Cory/Topanga, Boy Meets World
Alexis, Staff Writer
You don’t know how much I love this question and I’m trying to be very calm and not bring up thirteen billion couples. A deep breath. Okay. They were my OTP before I knew what an OTP was. You know how your parents and grandparents have those soap operas that you’ve got to be quiet during or else you’ll get in trouble for making them miss their “stories”? That was Boy Meets World to me. No one could get between me and this show (this is also because I was in love with Topanga). When Topanga turned around in Feeny’s class and told Cory, “Give me your hand.” so she could do some strange magic, I was hooked. When Topanga kissed Cory when his hair was all messed up so he’d know he was loved because of who he was not because of how he looked? Cory making these epic monologues to declare his love to the homie?? WHEN MY GIRL CAME BACK FROM HER AUNT’S HOUSE TO BE WITH CORY AND SHOWED UP IN THE RAIN???? No one screamed louder than me and my sister. WHEN CORY PUT THAT LIPSTICK BACK OVER HIS FACE WHEN SHAWN’S DAD WAS DYING AND TOPANGA WAS LOSING HOPE AND HE HAD TO REMIND HER WHAT KIND OF AMAZING PERSON SHE WAS AND ALWAYS WILL BE? When Cory walked into the apartment and yelled, “I have seen the Promised Land!!!” because Topanga showed him her butt?? This is my all time favorite couple. They learned to communicate and were each other’s family (for real did Topanga have a family? Where are they? I need answers.) They were the strangest couple and would be the lighthouse to the other whenever they forgot who they were or what love they were worthy of. And they also lowkey introduced me to OT3 because Shawn’s love for both of them and their love for him was amazing. I’m doing a rewatch I love these damn kids.
The Babysitter’s Club
Vanessa, Community Editor
I grew up reading The Babysitter’s Club books and they gave me very unrealistic expectations for relationships — but not romantic relationships, friendship relationships. I just figured it was totally normal and entirely possible to have 5-10 best friends and go on wacky road trips and international adventures with them and fight but then make-up and run a small business together and always have delicious snacks. Uh except wait, actually, I thought this was an unrealistic expectation but then I realized I just described Autostraddle, so maybe it’s actually totally doable and The Babysitter’s Club was just preparing me well for my future life endeavors. In any case, the friendship between those wacky babysitters was definitely my very first, and arguably most important, #relationshipgoals.

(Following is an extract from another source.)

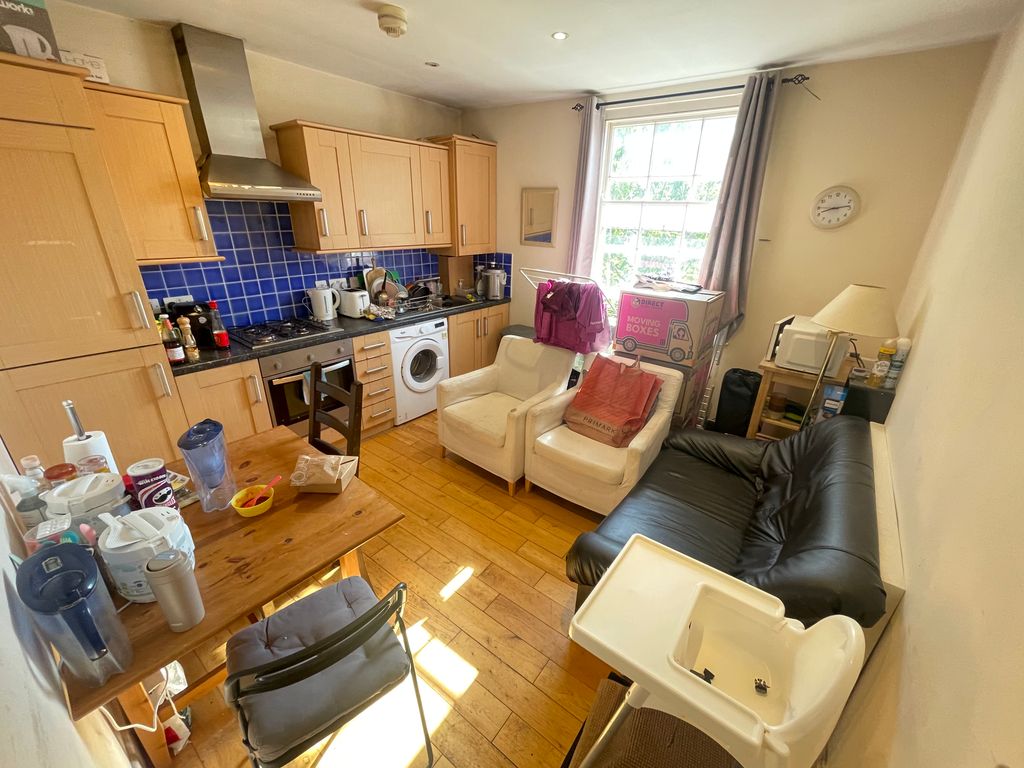 Property photo 1 of 4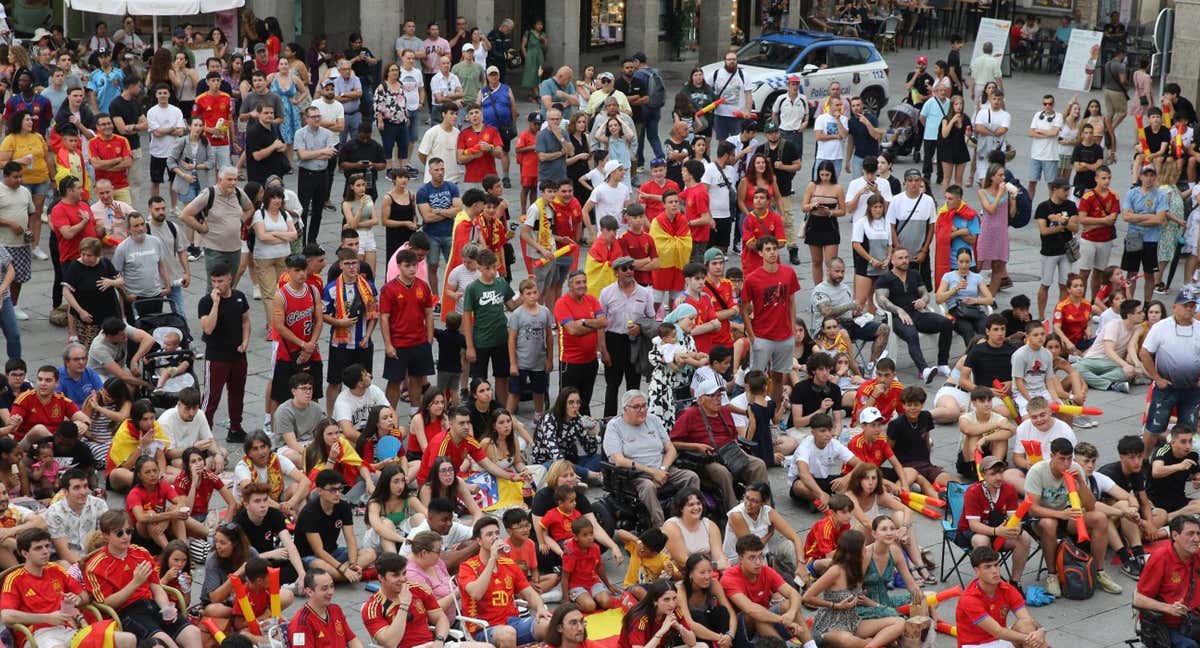 Aficionados españoles siguen el partido de España por televisión en una plaza de Segovia. /ANTONIO DE TORRE.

Roberta/Junior, Now and Then
KaeLyn, Staff Writer
Christina Ricci and Devon Sawa in Now and Then (and to a lesser degree in Casper) were my actual middle school #relationshipgoals and also my first celesbian obsession. I wanted secret kisses outdoors on summer nights. I wanted a bad boy who secretly had a soft heart. I wanted to be the girl who kicked a boy’s ass in basketball and earned their damn-well-deserved-and-shouldn’t-have-had-to-earn-it respect. I’m realizing in this very moment that a lot of my actual relationship choices revolved around these themes, honestly. Secret kisses / summer night kisses: check. Bad bois with a good heart: check. Making respect sexy-as-hell: check. Wow, I think I just learned something about myself.
Jim/Pam, The Office
Most TV couples who get extended relationship arcs are heterosexual, so that’s the field I was working with when first sorting out my #relationshipgoals, and most heterosexual couples on TV and in movies pretty much hate each other. Except they don’t call it “hating each other” they call it “men and women are so different lol!” Jim and Pam’s relationship was never gendered, it just was. They were just two humans who found each other hilarious and delightful, who collected private jokes and secret nods and used those gathered gems of interpersonal connection to make it through soul-sucking, garishly-lit days in the office of a paper company in Scranton, Pennsylvania. I also loved, specifically, an episode when they were long-distance and all their phone convos that day just fell flat. One would make a joke the other couldn’t hear, or didn’t understand, stuff like that. The episode ends with them leaving each other voicemails simultaneously apologizing for being “off” that day and not connecting, and those messages contain the unspoken and so important element of: an off day is not the beginning of a decline, it’s just a down, and there’ll be another up. And there were! (honorable mention: Coach Taylor and Tami Taylor)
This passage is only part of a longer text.